# Smoked Onions



## tommyspoon (Jul 20, 2005)

This is my favorite way to enjoy summertime vidalias!

*Ingredients*
1 or more large-sized onions (vidalias preferred, but you can use any kind of onion you like)
1 pat of unsalted butter per onion
kosher salt
freshly ground pepper
fresh herbs (optional)
heavy duty aluminum foil
*Method*
Carefully quarter each onion, leaving the onion intact on the root end so that it is "opened."
Insert a pat of butter in the onion.
Sprinkle the onion cavity with salt and pepper.
Add any fresh or dried herbs to the onion.  (I like fresh rosemary or chives.)
Wrap each onion in a generous amount of foil.
Place onions directly on coals and let them smoke for 30-45 minutes.
Carefully remove the onions from the coals and unwrap.  Let them rest for a few minutes and serve.
Enjoy!


----------



## brianj517 (Jul 20, 2005)

Sounds delicious, Tommy! I think I'll give it a try this weekend with a good steak! Thanks for the tip.

Cheers,
Brian


----------



## q3131a (Jul 20, 2005)

Yummy.
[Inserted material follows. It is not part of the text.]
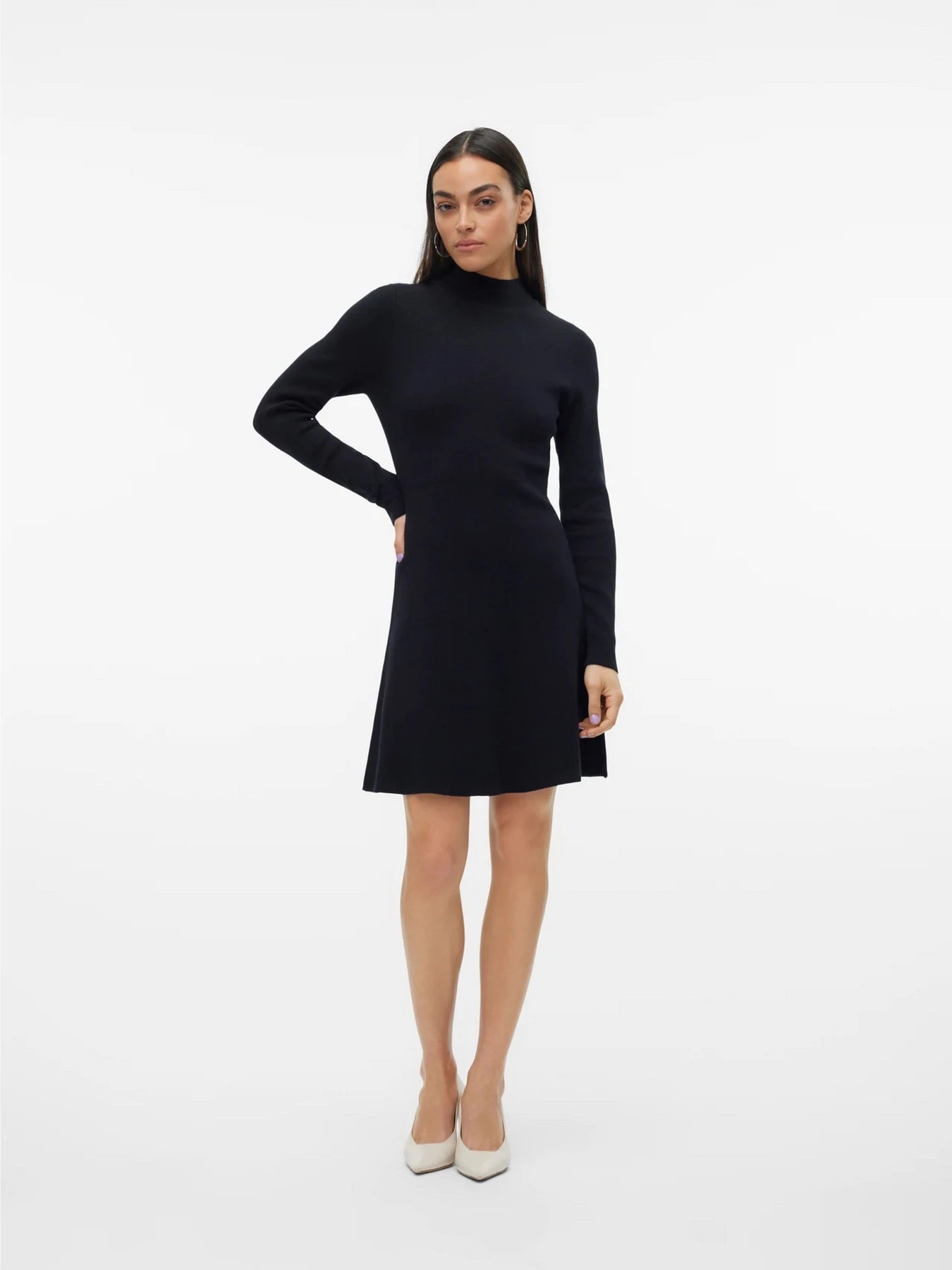 Платья Vero Moda модель 10311379_Black Платья Vero Moda модель 10311379_Black Фото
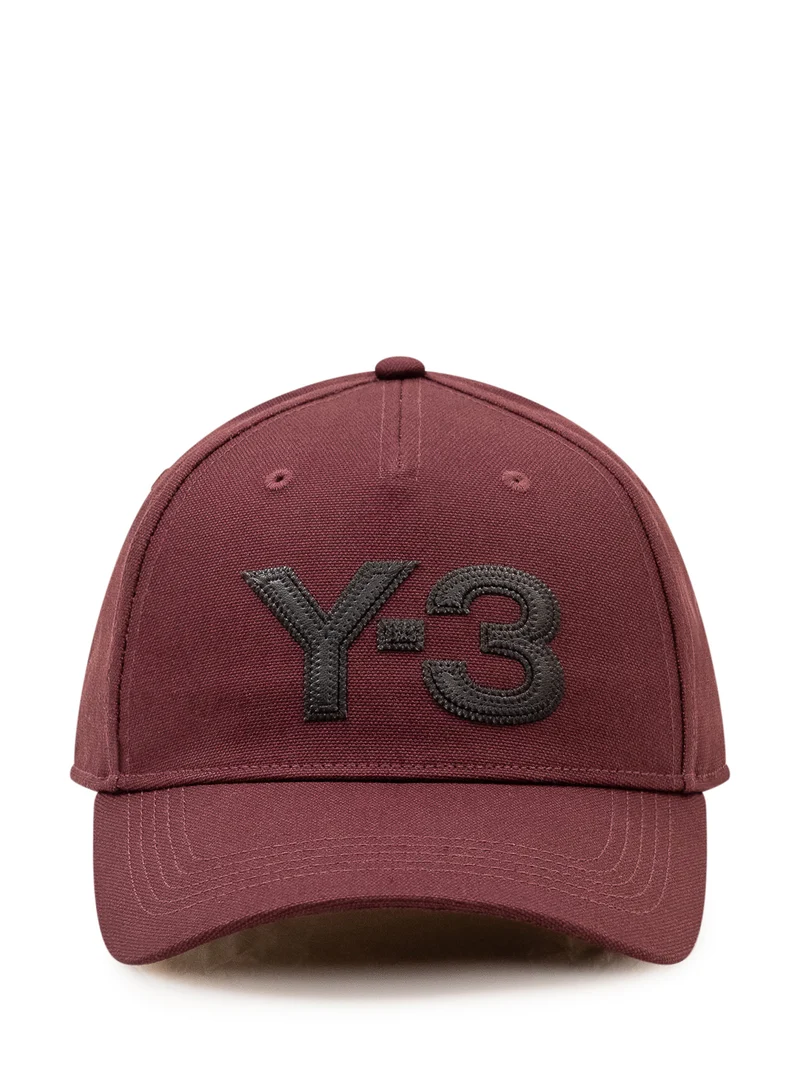 Cappello Baseball con Lettering Ricamato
I'll have to try soon as well.


----------



## sickpuppy (Jul 20, 2005)

Tommy,

I love the pouched vidalias. I use different ingredients on mine. Everything the same as far as onion prep, but I just like a pat of butter and splash liberally with Worcestershire. Very yummy with a good smoked meat.

Will have to try your way. It also sounds like it will tickle the taste buds. Spices are a personal thing. I guess that is why there are so many.

Dan


----------